Quintette of Questions: Christine Bell
Today I’m asking Christine Bell 5 questions about her latest book!
1. What’s the name of your latest book – and how hard was it to pick a title?
No Small Shame isn’t the original title. My publisher ‘stole’ one of my chapter titles for the book, (their words 🙂 ), as they said the original title reflected the story of one of the other main characters more than that of my protagonist. I’d never thought of it that way; but once it was pointed out, it made perfect sense. I’ve known the story by its old title for such a long time, sometimes I worry I might accidentally call the book by the wrong name. Now though, combined with the gorgeous cover, I can’t really imagine No Small Shame being called anything else.
2. If you could choose anyone from any time period, who would you cast as the leads in your latest book?
Once, I would’ve cast Olive Thomas, an early 20th century silent movie actress to play the role of Mary, my main character. Thomas had the exact same look, the unruly hair and defiant eyes. But seeing Saoirse Ronan in Brooklyn, I can easily imagine her playing Mary, except Ronan’s growing older faster than the book is likely to be made into a movie! Liam Hemsworth would make the perfect Liam. He’s the build, the looks, and could carry all the promise and sweetness lost.
3. What five words best describe your story?
Evocative, heartbreaking, authentic, compelling, tragic.
4. Who is your favourite fictional team/couple?
I loved Tom and Isabel Sherbourne from The Light Between Oceans. Their great love created an impossible dilemma. But a greater love has no man than to give up his principles for the happiness of the woman he loves. And ultimately, Isabel gave up everything for Tom in return. The impossible moral choice resonates in No Small Shame.
5. What song reflects a theme, character, relationship or scene in your book?

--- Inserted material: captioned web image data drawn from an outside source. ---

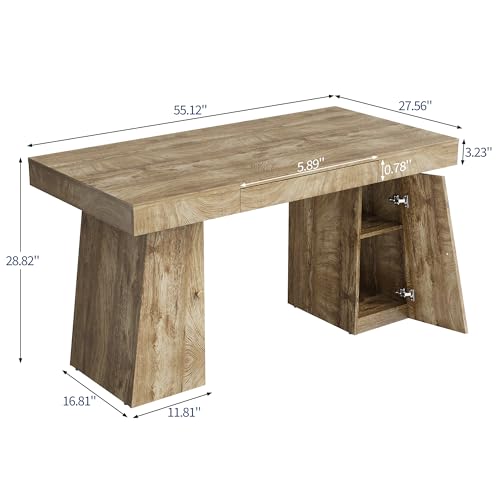 Modern Computer Desk, Large Office Desk with Drawers, view 4
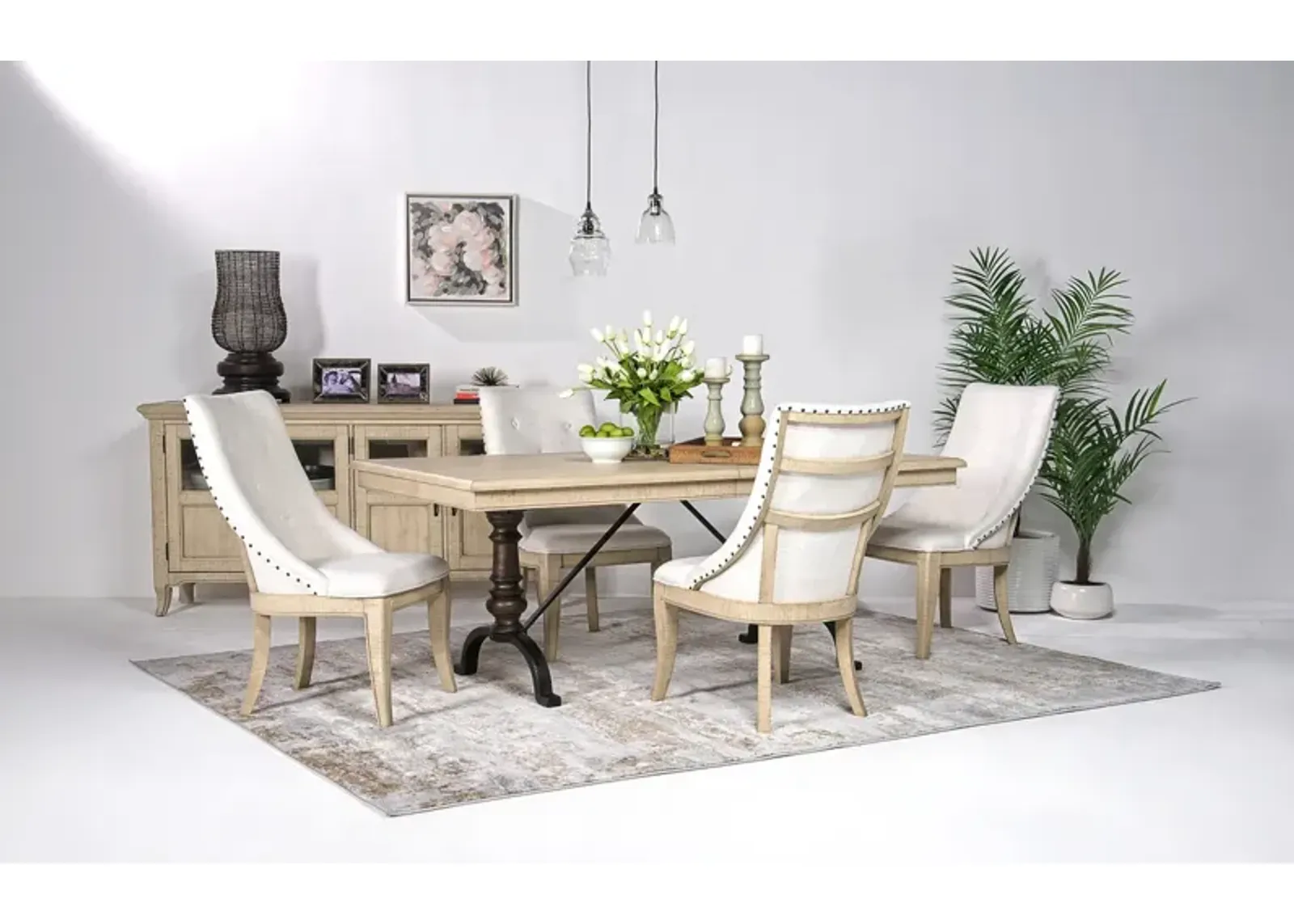 Roxy Extendable Dining Table & 4 Chairs in Vintage Taupe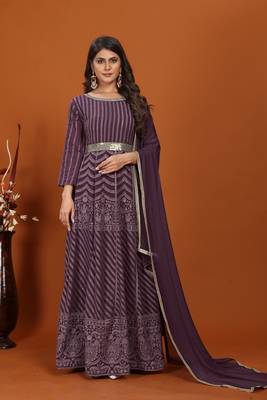 Wine colour heavy resham embroidery gown with dupatta 1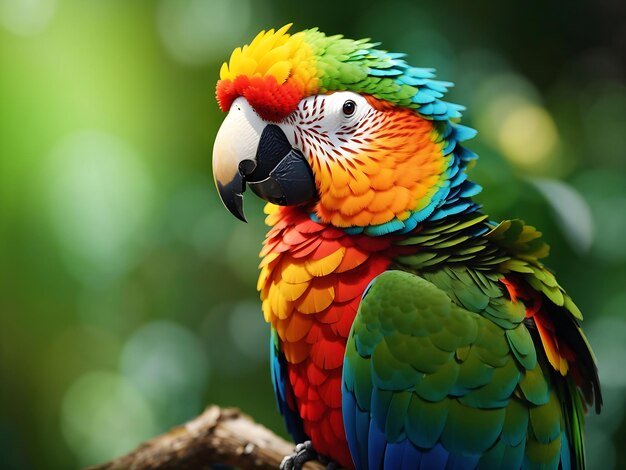 Fotografía del colorido papagaio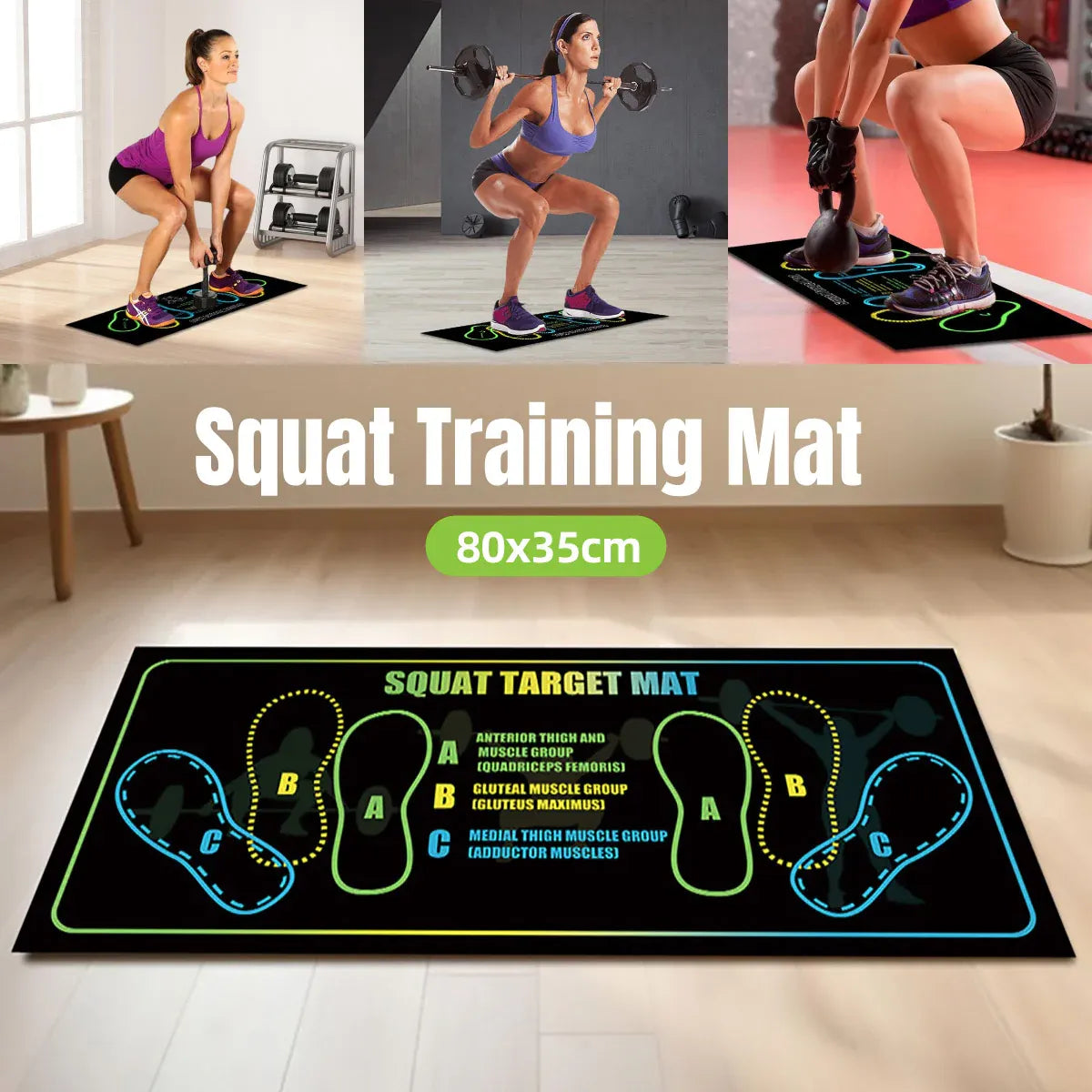 Squat Mat Fitness Mat Non Slip Mat Thick Floor Mat Home Gym Exercise Workout V528-FLOOR-MAT-35-80CM-495951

At first, I found this question really hard and then came the answer, boom! There is a scene that could be written and included if the book was made into a movie. It wouldn’t need any dialogue just visuals and the song Angel sung by Sarah MacLachlan. The mood, melody and lyrics all so hauntingly evoke Mary’s relationship with her husband.
About No Small Shame
Australia, 1914. The world is erupting in war. Jobs are scarce and immigrants unwelcome. For young Catholic Mary O’Donnell, this is not the new life she imagined. When one foolish night of passion leads to an unexpected pregnancy and a loveless marriage, Mary’s reluctant husband Liam escapes to the trenches. With her overbearing mother attempting to control her every decision, Mary flees to Melbourne determined to build a life for herself and her child.
There, she forms an unlikely friendship with Protestant army reject Tom Robbins. But as a shattering betrayal is revealed, Mary must make an impossible choice. Does she embrace the path fate has set for her, or follow the one she longs to take? From the harshness of a pit village in Scotland to the upheaval of wartime Australia, No Small Shame tells the moving story of love and duty, loyalty and betrayal, and confronting the past before you can seek a future.
Buy No Small Shame
About Christine Bell
Christine Bell is a Melbourne fiction writer. Her debut historical novel No Small Shame will be published by Ventura Press (Impact) April 2020. In October 2019, Christine was awarded the inaugural Historical Novel Society Australasia (HNSA) Colleen McCullough Residency for an Established Writer. She is a Varuna fellow and holds a Master of Creative Writing (RMIT). Christine has had 35 short fiction works published for children. No Small Shame is her first adult novel.
Social media links:
- Website: https://christinebell.com.au
- Twitter: https://twitter.com/chrisbellwrites
- Facebook: https://www.facebook.com/chris.bell.77377
- Instagram: https://www.instagram.com/christinembell
So many book launches and author talks have had to be cancelled, I’ve decided to run as many Quintettes as I can to share some great upcoming work – and let you stock up on things to read while we’re all self-isolating.